Everyone in Sacramento knows that K-Street and the Downtown Mall have been blighted and in need of revitalization for several decades.  I think we all agree that something should be done to help bring the centrer of our city back into positive repute.

However, the immense focus on building an Entertainment Sports Complex (ESC) has come at the detriment of the rest of the city.  The city will spend at least $250 million in taxpayer dollars on this project.  We can (and have) debate extensively whether this expenditure of public funds is in the best interest of the city, but let's set that conversation aside for a moment.



Do you live along Franklin Blvd. or Florin Road?  How much do you think the city could revitalize your community, bring business investment, and create high-wage jobs with an investment of $250 million into your neighborhood? How about your community schools ... are they in good repair?  The state might owe schools money, but that doesn't mean our communities should have to wait for Darrell Steinberg and Roger Dickinson to pony up.


How about those of you who live in Del Paso Heights?  How much community service, gang intervention, improved transportation and employment assistance could the city provide you with $250 million?  What if local entrepreneurs were given economic incentives to open and renovate small businesses that would employ young community members?

And even the less impoverished neighborhoods of Sacramento have been left in the dust.  Consider the rising crime and business failures in South Natomas and North Natomas.

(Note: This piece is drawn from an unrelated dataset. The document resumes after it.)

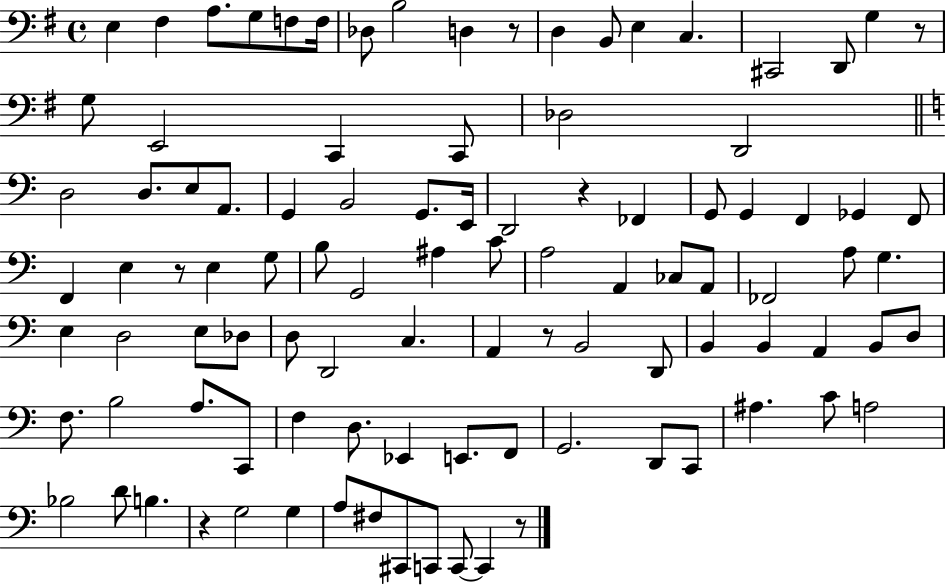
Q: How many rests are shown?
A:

Parks for the local community have gone untended and without repairs or improvements.  Community leaders renovated one park in the region and congratulated themselves extensively for this minor accomplishment.  Storefronts continue to sit empty, despite announcements that Sacramento's economy is recovering.  And now that redistricting has occurred, this part of the city is "divided and conquered" between the downtown interest (Councilmember Steve Hansen) and the East Sacramento elite (Councilmember Steve Cohn).

And then there's North Natomas - a relatively new community in Sacramento, but with great strategic and growth opportunities.  North Natomas will be the biggest loser when the ESC is completed, with all entertainment benefits moving from Arco Arena (Sleep Train), and no substantive plans for developing an economic engine to replace it.


All throughout the community, office buildings like this one stand empty.  No businesses are being courted to fill these spaces, and no strategic plan is in development to bring a significant economic engine to this prime land, located between the International Airport, City and State Government Buildings, and along three of the main economic corridors on the west coast.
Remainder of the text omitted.